A couple of years ago, I was profoundly depressed, inching closer to suicide and utterly lost. So I started looking for something. I had no idea what it was, but I knew it was not God.

The Unlikely Inspiration of a Museum of Freaks

In January I started a course with Faber & Faber on writing a novel. My application consisted of 1000 words of a book I've been working on for years. It wasn't really going anywhere until I had something of a revelation and changed my approach. The "new" story apparently had enough about it and I was accepted.

A typical Hunterian specimen

The course presents an eye-opening way to approach writing. We're encouraged to think about point of view, narrator, dialogue and structure in a way you tend not to when you just sit and write. It's changing the way I think about all writing. And indeed reading, too.

Last week, we were asked to "kidnap a character". This meant finding an unsuspecting member of the public and imagining their story. Faber & Faber's offices are in Bloomsbury and so we were released into the wilds of central London to find someone to use for our writing. I found myself in the Hunterian Museum. It's bizarre, unnerving and utterly fascinating. Based on a collection of animal and human samples, it's ostensibly a surgical museum, but probably draws as many visitors intrigued by the skeletons of famous travelling "giants" and "dwarves" of the eighteenth century. Some people inevitably come for the twisted and deformed samples - stored in thousands of glass jars lining the walls.

I saw a man walking methodically around the museum, quietly studying every exhibit - reading the signs in detail, ignoring the video of brain tumour surgery (skull sawing and all) to read about a heart-lung machine. I watched him pause at an exhibition about the early days of plastic surgery - pioneered during the First World War, when the hideous shrapnel injuries were unprecedented. He was, I discovered as I left, chaperoning a group of young adults, although he didn't interact with them at all until they reached the shop.

We returned to Faber's offices and were given 30 minutes to write a story, imagining our character and something they had great affection for. With this quite wide brief in mind, here's what I wrote:

Alf and Tommy

I can never go straight there. It takes me a while to build up to it. The kids wonder why we keep coming back here, but they don't really mind. Let dad have his moment - we can run about laughing at the dissected penises. Peni? Penises.

The animals first, to ease myself in. You feel bad for the deformed rat foetus, but then what kind of life would it have had? Then past the syphilitic bones - dissolved basically. The sheep gut condom makes me a bit self-conscious, to be honest.

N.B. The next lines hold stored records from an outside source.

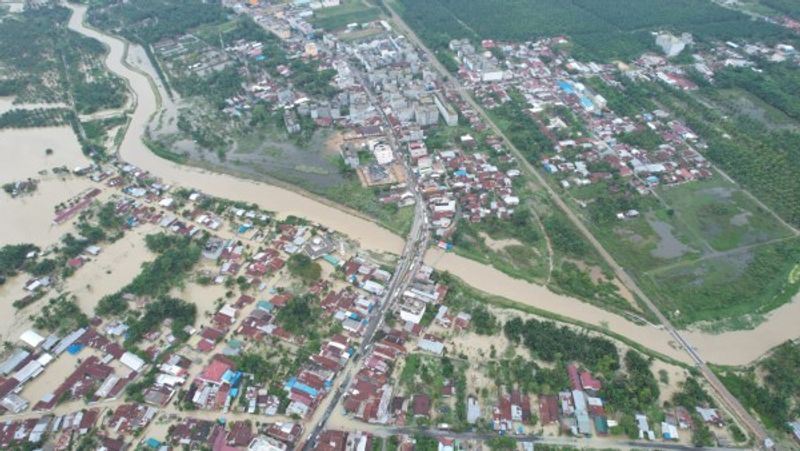 kurangi-resiko-banjir-dan-lindungi-permukiman-warga-kementerian-pupr-bangun-peng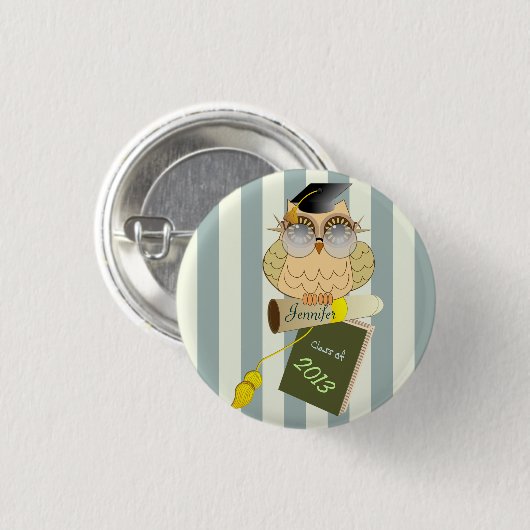 かわいくカスタムな卒業の漫画のフクロウ及び名前ボタン 缶バッジ (正面&裏面)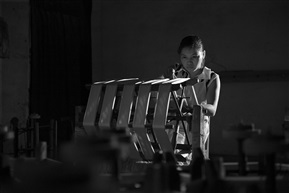 《纺织女工》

It's ridiculous that there are no other pictures of him. How can they all have been lost? I suppose my dad wasn't so bothered. Perhaps he saw the image of his father - face scarred and distorted, even as he grew old - and thought only of pain. There probably weren't very many pictures to begin with. He wasn't a shy man in life, but it's not hard to imagine that he avoided cameras. Who wants to feel like a sideshow freak, even if the picture was taken with love?

It always annoys me that he's in the bottom light box. I have to crouch so low to see in. It's not designed for people to look for long, I suppose. When I do put my eyes against the holes and see the first grainy, green-lit photo, I hope it's not him. I don't want him to be in there, staring out at the twin-skulled cat all day and night.

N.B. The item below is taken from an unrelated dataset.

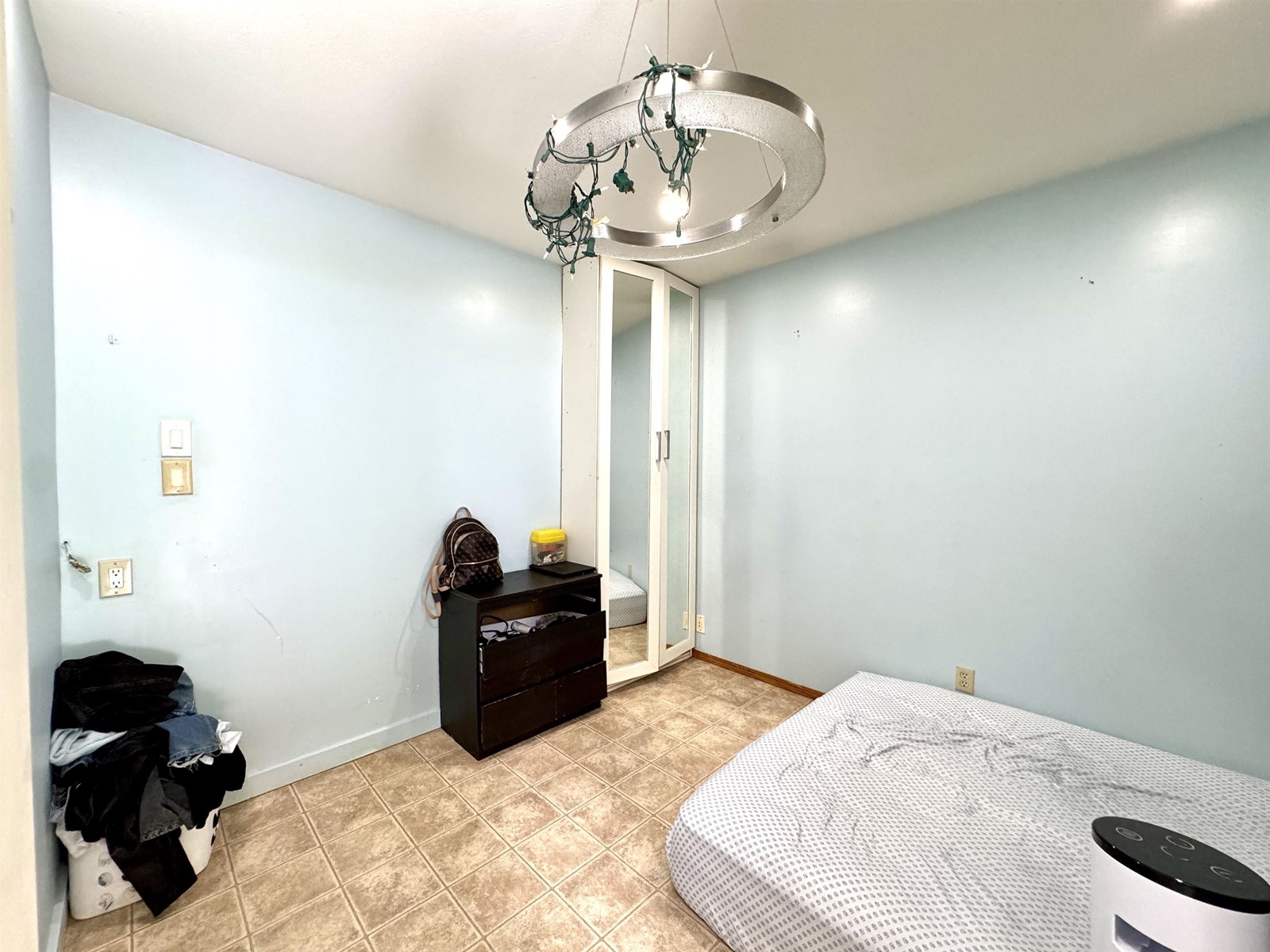 Photo 5 of 9781 154 Street, Surrey BC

Turning the knob, I know the order well. Tommy, Derek, Wilf, Robert, then him. I've given them names, you see. Maybe others come and do the same and give my grandfather a name too. Perhaps even the right one - Alf would be a reasonable guess.

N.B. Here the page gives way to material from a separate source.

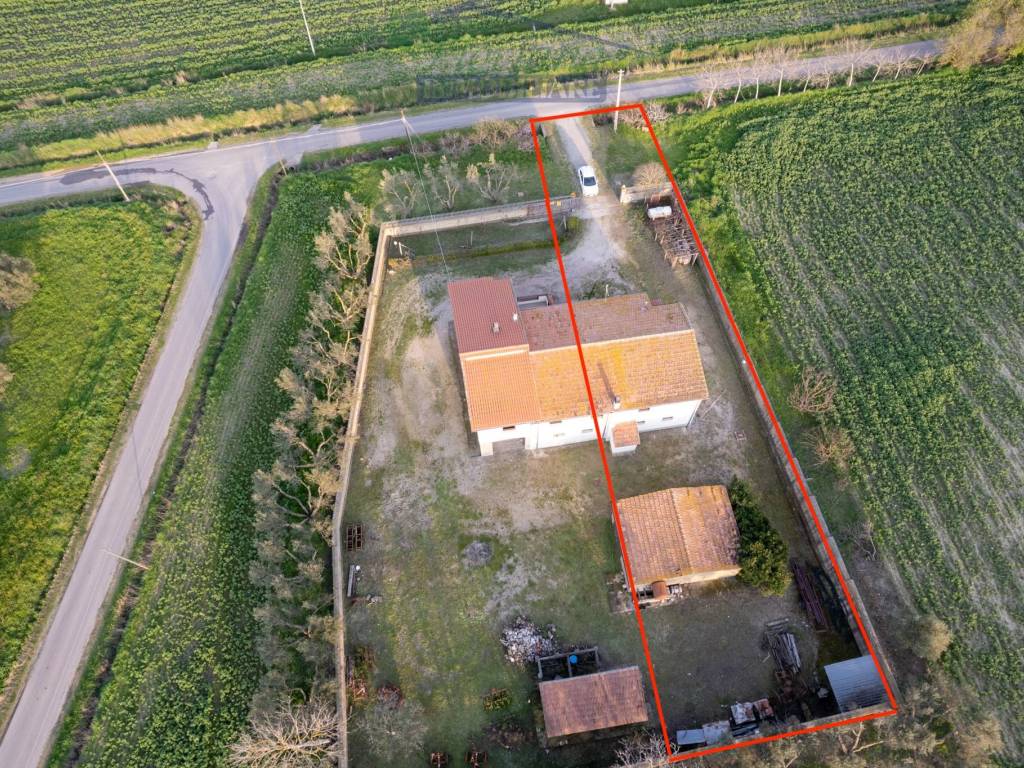 Rustico / casale a Montalto di castro in Località La Moletta - Foto 2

I don't mind that so much of his face is missing in the picture. In my memory he is never less than whole and I can fill in the gaps where his cheek and jaw were. He had no choice but to learn to smile with his eyes and he did it with such a forceful luminosity that it took my breath away every time I saw him. It felt like a special light had gone on, just for me.

I didn't tell him what was happening at school or why I so hated the endless terms. I'd told my dad and look where that got me. But with him, I was free. Free and safe. For anyone to leave half of his face on a Belgian field and be such a complete human being still staggered me. That he could give so much love when most men would be consumed with hatred made him all the more incredible.

So I crouched and I stared and I had the same quiet conversation as always. "Love you, Pappy." I turned the wheel to Tommy. "Sorry Tom." But Pappy had seen enough horror - at least I could protect him from any more. "Love you , Pappy."